Hey guys,
I'm working in a JS environment trying to find a reliable way of monitoring / controlling the print job progress on a GX420d (V56.17.17Z). So no, unfortunately no sparkly LINK-OS magic here. The printer is tucked in to our network and i'm communicating with it via PHP socket sending raw ZPL/SDG commands. Each interaction opens a socket and closes it afterwards.
The logic in the frontend is as follows:
get the printer identification (~HI), make adjustments
prepare a list of print jobs (1-n formats in ZPL)
loop through all the formats to print and:
on every iteration first get the printer status (~HS) → if problems like "paper out" notify user in frontend (dialog) and wait for confirmation, to restart the loop
if no problems → send format
wait 1 second (currently just pretending it's been printed)
if more formats in list → restart loop
The problems i'm listening on are: "head open", "ribbon out", "paper out", "buffer full" and "paused"
It's obvious now that waiting 1 second (3.3) before checking the printer status again for the next format is not reliable, because there's many different reasons why the actual physical print can be delayed and I would be reading the printer's status "too early". This means that if the printer runs out of paper, i wouldn't be able to tell before sending the next format.
The ultimate goal here is to be able to tell when the previous format has finished printing and only then restarting the loop.
I could be periodically checking for the "formats in receive buffer" and only restart the loop if it reaches 0, but what if (and that's a realistic use-case) another client is sending formats to the printer as well. The counter might never reach 0 then. On top of that I observed that sometimes '"formats in receive buffer" shows 1 even though there's nothing left to print nor any internal problem keeping the printer from printing that last format.
I'd very much appreciate if you guys could share some wisdom and help me find the last piece of the puzzle.
Cheers.
1 Replies
There's no built-in way to know when a specific print job has completed (with or without an error), that would be the job of a print spooler service. In a way, that looks similar (to some extent) to what you're building, so here are some suggestions:
Have you validated that ~HS will give you a response in all the scenarios you're listening on? The documentation ( https://www.zebra.com/content/dam/zebra/manuals/printers/common/program… ) indicates that ~HS will not send back a response if the printer is in one of a number of error states (MEDIA OUT, RIBBON OUT, HEAD OPEN, REWINDER FULL, HEAD OVER-TEMPERATURE). ~HQES is an alternative command you may want to look into.
If you want to coordinate across multiple clients sending to the same server, you may want to implement spooling on your server. You can receive print jobs from the clients in a central service and add them all to a queue, so there's really only one client talking to the printer (your central service). That central service can then process print jobs from all clients in order so none of the clients can be starved.

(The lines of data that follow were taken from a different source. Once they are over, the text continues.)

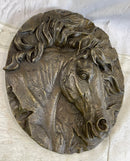 Horse Head Portrait Wall Art Hanging Bronze Sculpture Plaque 16" x 16"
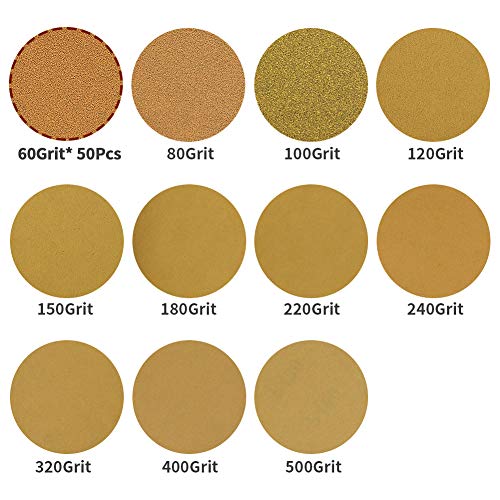 SPEEDWOX 50 Pcs 5 Inches 8 Hole Sanding Discs 60 Grit Dustless Hook and Loop Sandpaper for Random Orbital Sander Yellow Finishing Discs for Automotive Woodworking - Image 2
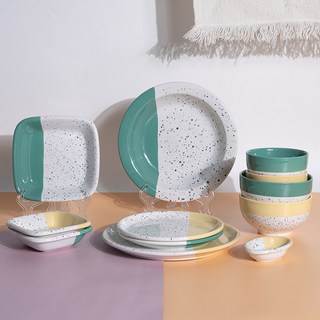 Ardin France Essential 兩人韓式餐具組 12件組, 森林綠 + 草原黃, 12件, 1套
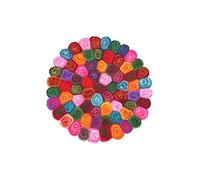 Pachamama Hand Felted 19 CM Round Trivet Mat 1 Pack - Circular Heat Absorbing Pan Dish Pot Stand Handmade Fair Trade Multicoloured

If you don't want to have a single central service do the printing but still want to coordinate among clients, if you're already using a SQL database in your project, you can use the DB as a distributed lock. Clients would attempt to acquire a lock before printing and release it afterwards. If a client cannot acquire the lock because some other client has it, it has to wait until the lock is free, so there's again only one client talking to the printer at any given time.
Another alternative could be to, instead of sending multiple print jobs, build a single print job that consists of multiple pages and doing everything in one go.
Will any of those help with your use case?